その頃、藤丸とマシュは獅子王と対峙し、彼女が放つ聖槍をマシュの宝具、「いまは遥か理想の城(ロード・キャメロット)」で受け止め退けようとしていました。

そこへべディヴィエールが現れ、藤丸たちに自身の宝具で助太刀します。

そんなベディヴィエールの姿を見て、酷くうろたえる獅子王。

そんな彼女の聖槍を、自身の宝具で受け止め、彼女の元へ向かうべディヴィエールは、藤丸たちに自分の犯した罪を明かします。

実はべディヴィエールは、アーサー王から預かった聖剣エクスカリバーを、三度も湖に返還することが出来ませんでした。

それは、聖剣の返還と同時にアーサー王が死ぬと分かっていたからです。

ベディヴィエールは自らが使える王の延命を願って、聖剣を返還することを躊躇ってしまったのですが、そのせいでアーサー王は、死する運命の時に死ねませんでした。

アーサー王は聖剣以外に所持していた、聖槍ロンゴミニアドを持ったまま彷徨う亡霊となり、やがてそれが長い年月をかけて聖槍の影響を受けた結果、神霊化が進行。

そしてアーサー王は、人間の価値観とは変質してしまった、「女神ロンゴミニアド」の化身となってしまったのです。

べディヴィエールは、自分のせいで死ぬことが出来ず彷徨っているアーサー王を探し、今度こそ聖剣を彼女に返還するべく、1500年以上も世界中を旅してきたのでした。

サーヴァントではなく、ただの人間であったベディヴィエールが、今まで生き永らえることができたのは、花の魔術師マーリンによって銀の腕に偽装された聖剣の加護のおかげです。

つまり、ベディヴィエールが犯した罪とは、「アーサー王を死なせることが出来なかった」こと。

彼が聖剣を返還したと同時に、聖剣による加護を失った彼は死んでしまいます。

ベディヴィエールの罪、彼が最後にしようとしていることに気づいた藤丸は、彼に令呪の力を使って、聖剣を握らせました。

聖剣を手に持ったベディヴィエールは、そのまま突き進み、獅子王が持つ聖槍に貫かれながら、アーサー王との思い出を回想します。

それは、かつてベディヴィエールが、アーサー王に自分を円卓の騎士にした理由を問いかけた時の会話でした。

その光景を頭に思い浮かべつつ、ベディヴィエールは獅子王に聖剣を返還し、こう言いました。

「暗い時代を1人で背負わせてしまって、申し訳ございません」

「それでも我々円卓の騎士にとっては、貴方は世の中を照らす輝く星でした」と。

獅子王は、ベディヴィエールから返還された聖剣を受け取り、これまで自分に仕えてきた彼の功績を讃えました。

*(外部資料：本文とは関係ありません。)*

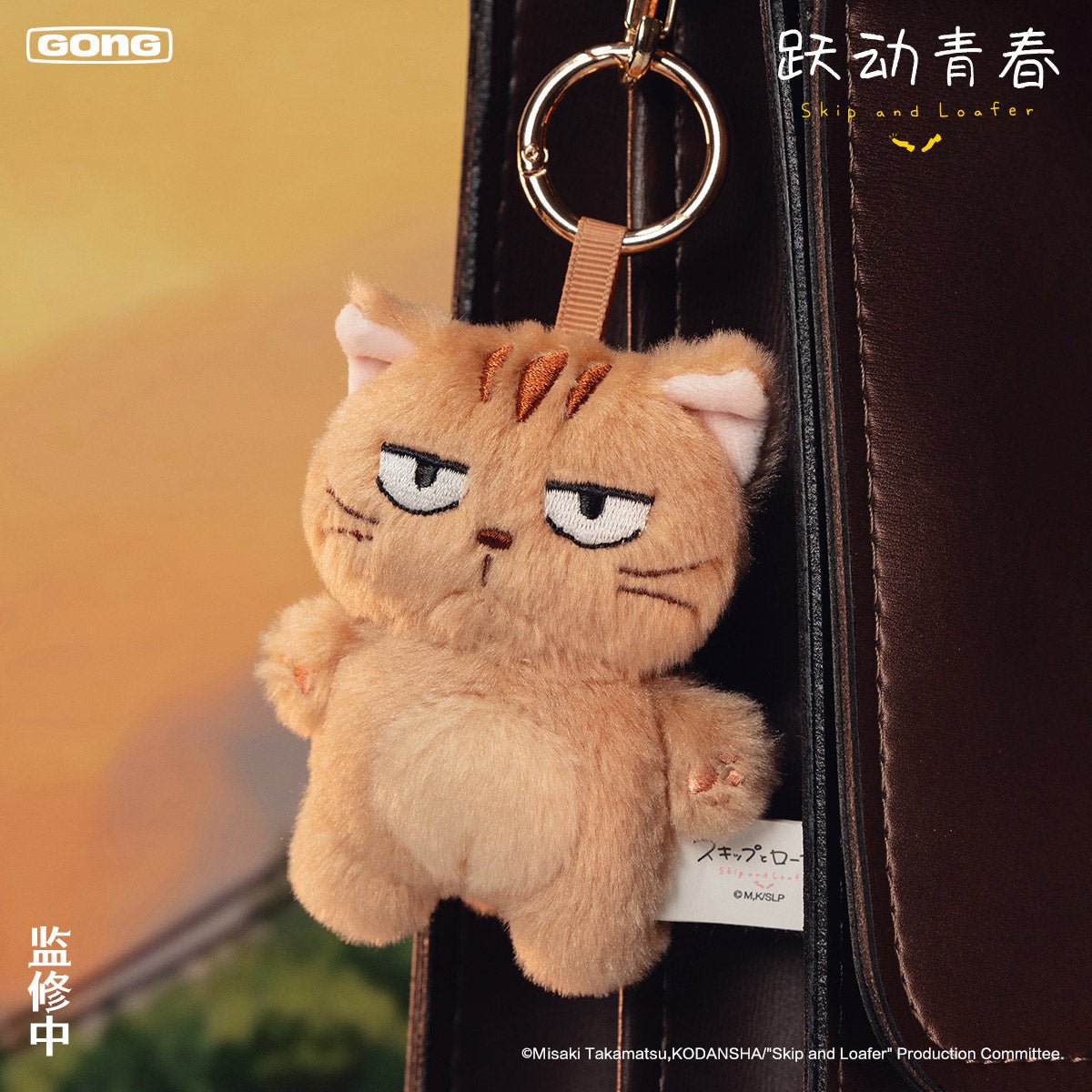 Tkfoot Rong Rong Skip and Loafer | Rong Rong Series Plush Charm GONG FUNIMECITY Anime ...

ベディヴィエールの死後、聖槍が砕け散り、不死の呪縛から解き放たれた獅子王。

地面に突き刺した聖剣を両手に持ち、誇らしく胸を張った彼女は、カルデアに帰還する藤丸とマシュを見送りました。

藤丸たちが帰還した後、ランスロットの戦いで瀕死の状態に陥ったアグラヴェインが、獅子王の元へ駆けつけます。

獅子王は目の前で倒れたアグラヴェインに対し、「もう休め。働き過ぎが貴公の悪い癖だ」と言いました。

そんな獅子王とアグラヴェインは、滅びゆく第六特異点「聖都キャメロット」と共に、その世界から消滅しました。

映画『劇場版 Fate/Grand Order 神聖円卓領域キャメロット 後編 Paladin; Agateram』の感想と評価


(C)TYPE-MOON / FGO6 ANIME PROJECT

ベディヴィエール・マシュ・獅子王に隠された真実に驚愕

後編で明かされた、べディヴィエールの犯した罪の内容と、贖罪のためにしてきた彼の旅の理由、そしてその正体。

マシュと融合したシールダーの真名と、獅子王の正体と目的、聖都キャメロットの正体。

劇中で彼らの真実、謎の真相が次々と明かされていくのですが、どれもこれも衝撃的なものばかりで驚きの嵐です。

マシュと融合したシールダーの真名が、ランスロットの息子ギャラハッドだと判明した場面。

今まで最優の騎士として凛々しくあったランスロットが、珍しく酷くうろたえ、マシュに言い負け吹き飛ばされてばかりになるので、そのギャップに思わず笑ってしまいます。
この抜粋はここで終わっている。